Tutorial I: Sentence topic classification

The best way to understand how Dandelion works is through practical examples.

In the first part of this tutorial, you’ll be guided through model definition and train/test/predict function compiling with a practical sentence classification task.

Sentence Classification Task

Objective: classify each sentence into different topic categories.
Variant: single-tag classification vs multi-tag classification

The sentence classification task is to using neural network model to determine the topic of each sentence, i.e., what each sentence is talking about. For example: time, location, cause, action and result.

To fulfill the task, we’ll build a model basically based on RNN, LSTM specifically.

Model Definition - Modules

For the full model definition, check the following code snippet:

    import theano
    import theano.tensor as tensor
    from dandelion.module import *
    from dandelion.update import *
    from dandelion.functional import *
    from dandelion.util import gpickle

    class model(Module):
        def __init__(self, batchsize=None, input_length=None, Nclass=6, noise=(0.5, 0.2, 0.7, 0.7, 0.7)):
            super().__init__()
            self.batchsize = batchsize
            self.input_length = input_length
            self.Nclass = Nclass
            self.noise = noise

            self.dropout0 = Dropout(name='dropout0')
            self.dropout1 = Dropout(name='dropout1')
            self.dropout2 = Dropout(name='dropout2')
            self.dropout3 = Dropout(name='dropout3')
            self.dropout4 = Dropout(name='dropout4') 
            W = gpickle.load('word_embedding(6336, 256).gpkl')
            self.embedding = Embedding(num_embeddings=6336, embedding_dim=256, W=W, name='Embedding')
            self.lstm0 = LSTM(input_dims=256, hidden_dim=100, name='lstm0')
            self.lstm1 = LSTM(input_dims=256, hidden_dim=100, name='lstm1')
            self.lstm2 = LSTM(input_dims=200, hidden_dim=100, name='lstm2')
            self.lstm3 = LSTM(input_dims=200, hidden_dim=100, name='lstm3')
            self.lstm4 = LSTM(input_dims=200, hidden_dim=100, name='lstm4')
            self.lstm5 = LSTM(input_dims=200, hidden_dim=100, name='lstm5')
            self.dense = Dense(input_dims=200, output_dim=Nclass, name='dense')

All the neural network modules are defined in dandelion.module in Python. For the sentence classification task, the following four NN modules will be used: Dropout, Embedding, LSTM and Dense.

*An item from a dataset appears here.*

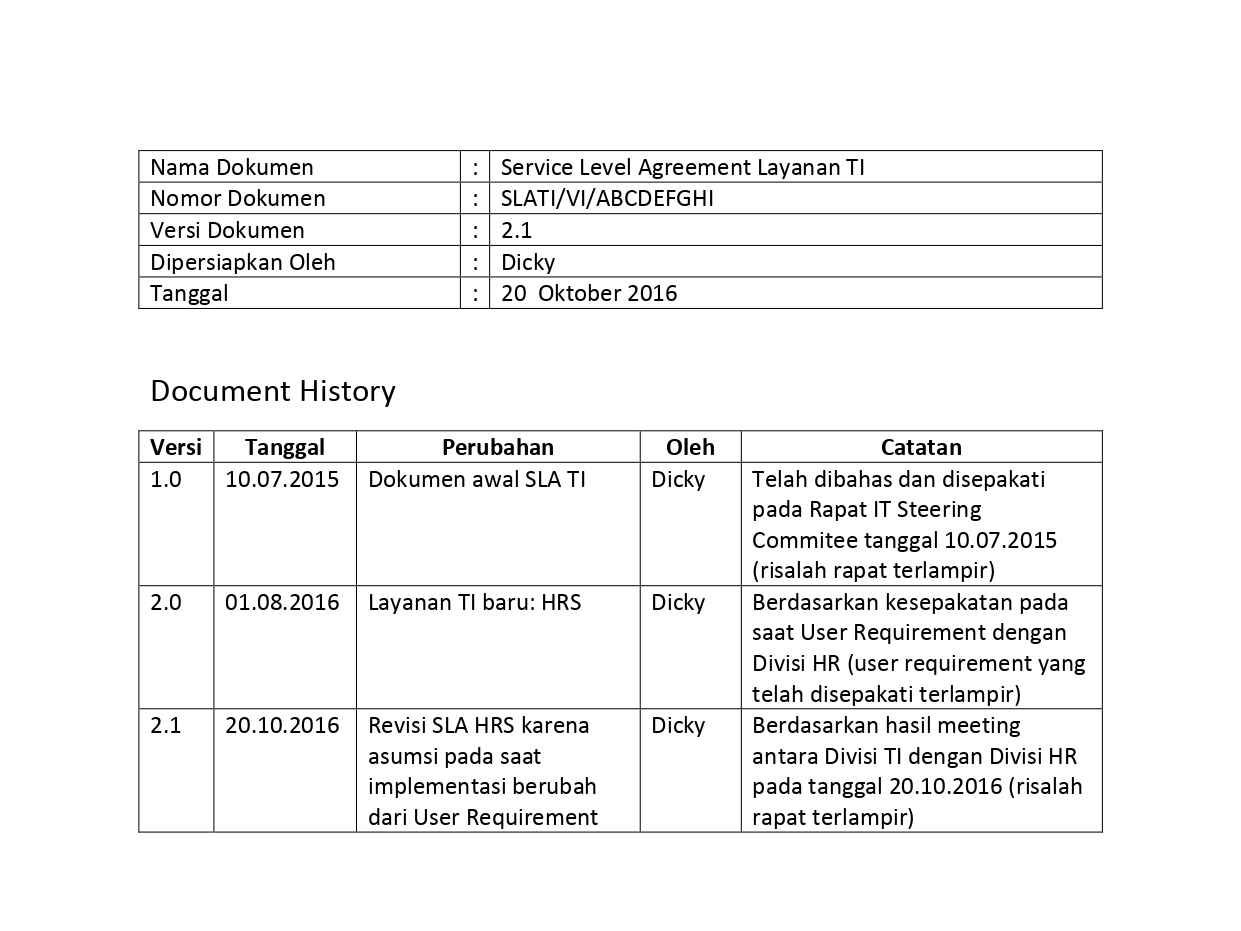 contoh service level agreement 2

To define our model, we’ll need to subclass the Module class from dandelion.module. The Module class is the base class for all our NN modules. There’s no complex abstraction here, all Module class done is to define some convenient interfaces for model parameter manipulation and no more. The Module class is quite similar with Pytorch’s nn.Module class.

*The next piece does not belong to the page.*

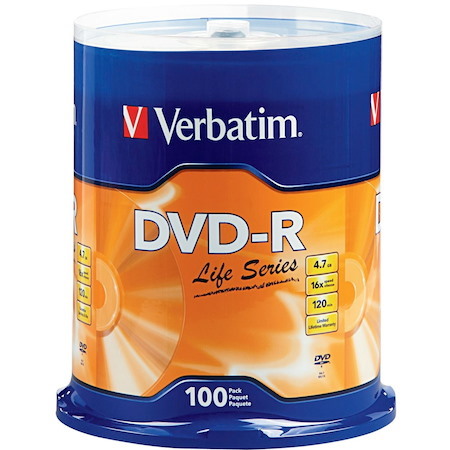 Verbatim DVD-R Life Series - 16x - 4.70 GB - 100pk Spindle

Now we define all the network modules as our model’s attributes, such as

    self.dropout0 = Dropout(name='dropout0')

You can drop the name here, it’s optional. ~~However for possible parameter manipulation convenience later, we’d suggest giving a unique name for each network module here.~~ (After version 0.14.0, you don't need to set the module name manually any more, they will be auto-named by the sub-module keys)

Note that all these definitions are done in the model’s __init__() part. Now we defined all the NN modules to be used in our model, but their relations, i.e., the network structure hasn’t been done. This part will be defined in model’s forward() and predict() functions later.

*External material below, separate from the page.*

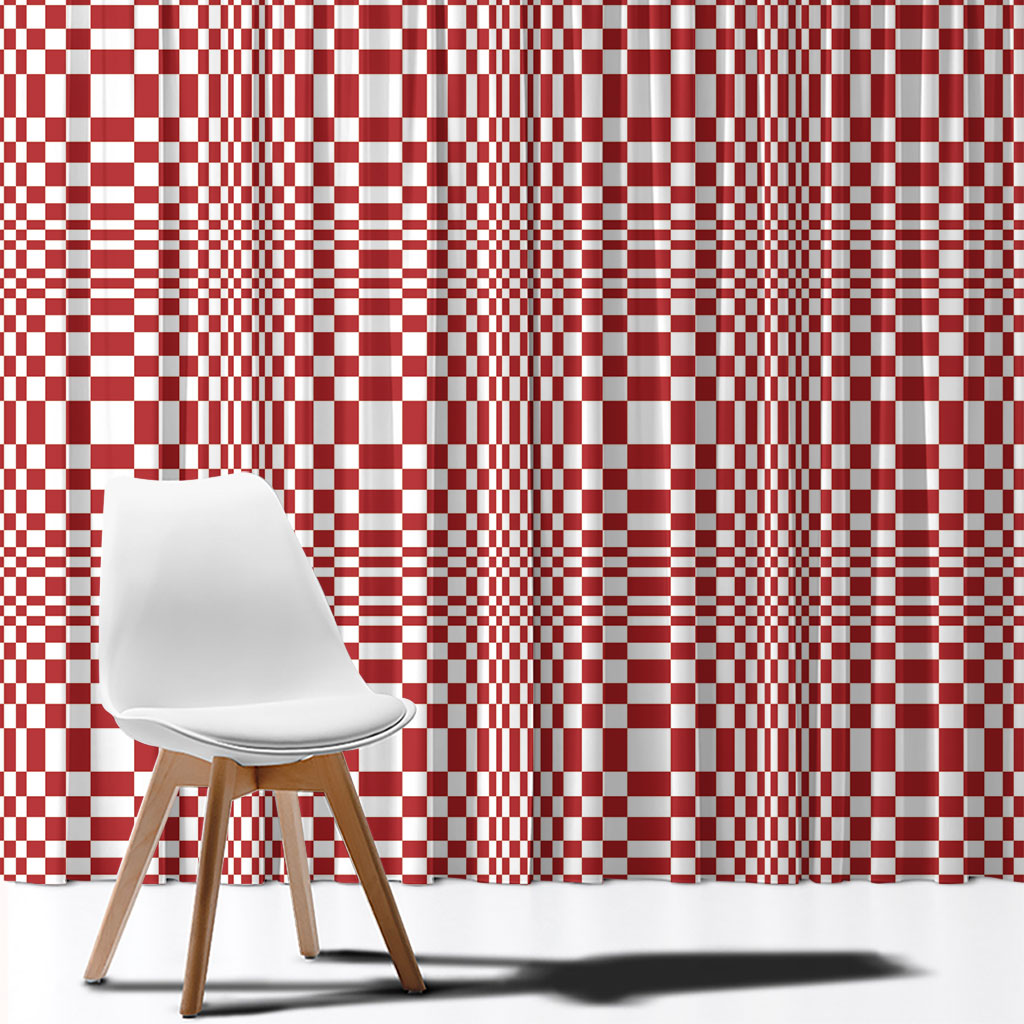 Red White Filipino Binakol Motifs Window Curtain Mabuhay Philippines Festival Kusikus Pattern LT14 - Polynesian Pride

If you’re familiar with Lasagne or Keras, you’d notice that for LSTM module, Dandelion requires both the input dimension via input_dims and output dimension via hidden_dim meanwhile Lasagne or Keras would only require the output dimension, leaving the input dimension determined automatically by the framework. This is the cost you’d pay for greater flexibility by using Dandelion.

Model Definition - Structures

Now we’ll go through the network structure part. Usually a model needs to be trained first then it can be used in inference, so the network structure would involve these two different processes, i.e., training and inference.

We define the network structure for training in Model’s forward() function, as showed below.

    def forward(self, x):
        self.work_mode = 'train'
        x = self.dropout0.forward(x, p=self.noise[0], rescale=False)
        x = self.embedding.forward(x)         # (B, T, D)

        x = self.dropout1.forward(x, p=self.noise[1], rescale=True)
        x = x.dimshuffle((1, 0, 2))           # (B, T, D) -> (T, B, D)
        x_f = self.lstm0.forward(x, None, None, None)
        x_b = self.lstm1.forward(x, None, None, None, backward=True)
        x = tensor.concatenate([x_f, x_b], axis=2)

        x = pool_1d(x, ws=2, ignore_border=True, mode='average_exc_pad', axis=0)

        x = self.dropout2.forward(x, p=self.noise[2], rescale=True)
        x_f = self.lstm2.forward(x, None, None, None)
        x_b = self.lstm3.forward(x, None, None, None, backward=True)
        x = tensor.concatenate([x_f, x_b], axis=2)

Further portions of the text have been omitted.